Often however you will get a feedback signal signal that simply has to go right to left. Try to set it apart a little from all the other wires, so you can see what's going on.

Other practices - 

- Use reference designators. When you come to discuss the circuit with others, it's so much easier to say 'R3', than 'the third 10k resistor from the left'.
- Just as signals generally go left to right, voltages generally go vertically, with the DC potential highest at the top. Put the most negative rail at the bottom, most positive at the top, and ground in the middle.
- Ground and power symbols are often used liberally to remove wires to declutter the schematic. Often there are multiple rails, and sometimes multiple grounds, which should be distinguished by different labels on the symbols.

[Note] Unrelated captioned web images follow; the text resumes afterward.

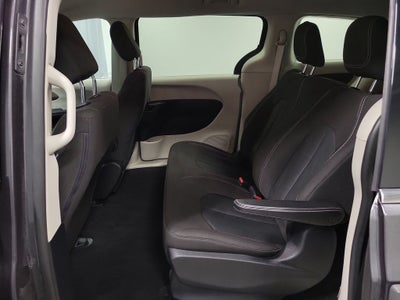 2020 Chrysler Voyager L
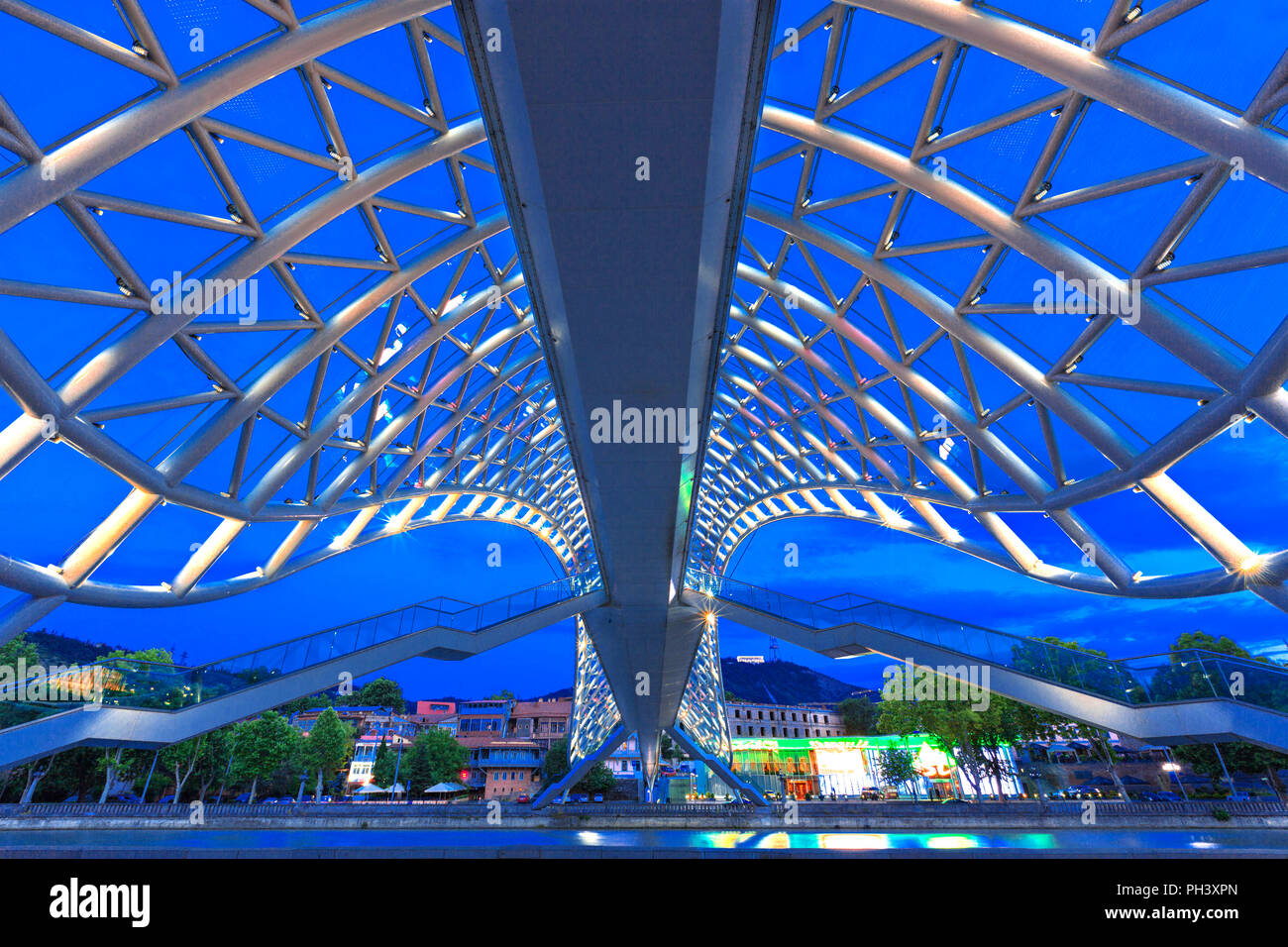 Sur le toit de métal du pont de la paix, sur la rivière Mtkvari, au crépuscule, dans la région de Tbilissi, Géorgie Banque D'Images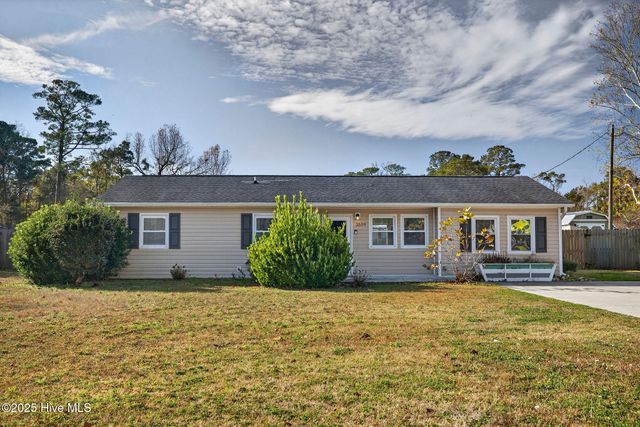 3509 Middle Sound Loop Road, Wilmington, NC 28411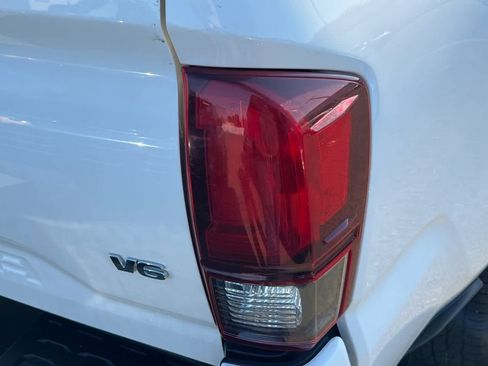 Used 2023 Toyota Tacoma SR AWD/4WD image 18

- Never join 4 wires at a dot. Two wires cross without a dot. Four wires join in two, staggered, 'T' junctions. This was a strong rule when we used to copy circuit diagrams physically by dye-line or photo-copying, where printing errors could easily add or remove small dots, turning a wire cross into a 4-way junction or *vice versa*. Most of us still try to follow this rule today and simply make a 4 wire junction 'wrong', but you'll see plenty of diagrams using it. Please don't. Some people and schematic editors use a bridge when one wire hops over another. It may be OK on small drawings, but they don't scale well to large ones like a processor system with memory busses, where they can clutter and even confuse the drawing.